Corbyn versuchte in seiner Rede die Sicherheitspolitik einer Labour-Regierung zu umreißen. Viele Experten hätten auf den Zusammenhang zwischen den britischen Kriegen im Ausland und dem Terrorismus im eigenen Land hingewiesen. Er wies auf Libyen als verfehlte militärische Intervention hin. Er habe sich immer schon für die Beachtung der Menschenrechte und der Beendigung von Konflikten und Kriegen eingesetzt. Er hatte tatsächlich gegen die Beteiligung am Irak-Krieg, gegen die Intervention in Libyen und in Syrien gestimmt.

Er sei aber entschlossen, alles zu tun, um die Sicherheit der Bürger zu schützen. Der Zusammenhang mit der britischen Außenpolitik, so machte er deutlich, würde aber die Schuld der Täter nicht mildern, die hart bestraft werden müssen. Zur Bekämpfung des Terrorismus müsse man aber dessen Ursachen verstehen. Dazu sagte er aber nichts Genaueres, abgesehen davon, dass die Innen- und Außenpolitik verändert werden müssten.
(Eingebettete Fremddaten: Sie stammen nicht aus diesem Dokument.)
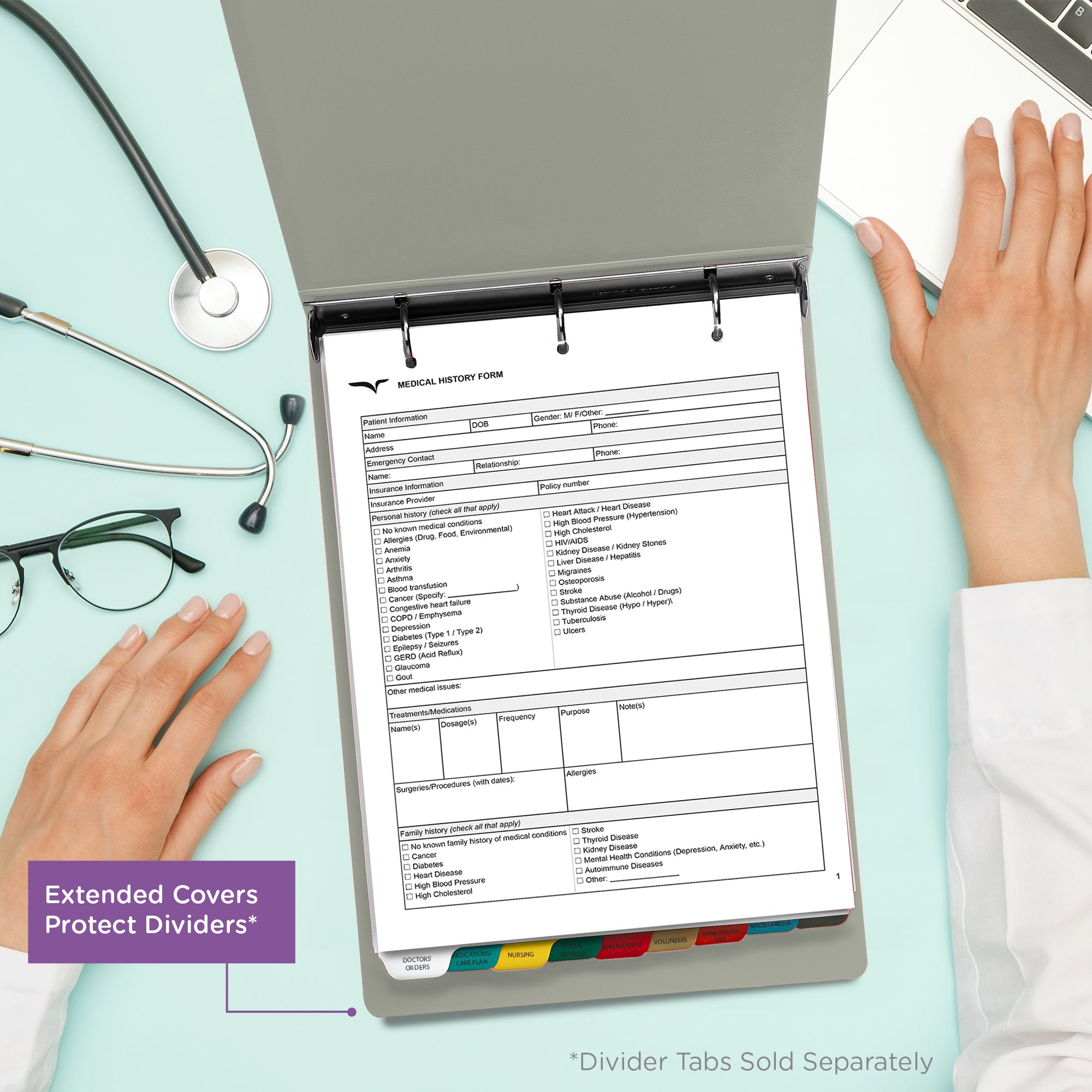 2-Inch Heavy Duty 3-Ring Binder for Medical Charting - Top Opening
Vor allem müssen nach Corbyn die Sparmaßnahmen beendet und wieder mehr Polizeibeamte eingestellt werden. Unter einer Labour-Regierung würde es wieder mehr Polizisten auf den Straßen geben, und wenn die Sicherheitsbehörden mehr Geld bräuchten, um die zu verfolgen, die morden wollen, würden sie dies auch erhalten. Corbyn griff aber nicht direkt May an und erklärte, keine Regierung könne jeden Terroranschlag verhindern.

Der britische Verteidigungsminister Fallon warf daraufhin Corbyn ein "gefährliches Denken" vor, wenn er den Terror mit den militärischen Auslandseinsätzen verbindet: "Er scheint zu implizieren, dass ein Terroranschlag in Manchester irgendwie Großbritanniens Schuld sei." Corbyn würde mit Terroristen sprechen und die Polizei nicht ausreichend unterstützen wollen. Außenminister Boris Johnson fand Corbyns Rede sogar "monströs" und wies gleichfalls jede Verbindung der Außenpolitik mit dem Terror zurück. Man dürfe in keiner Weise die Verantwortung von den Tätern nehmen.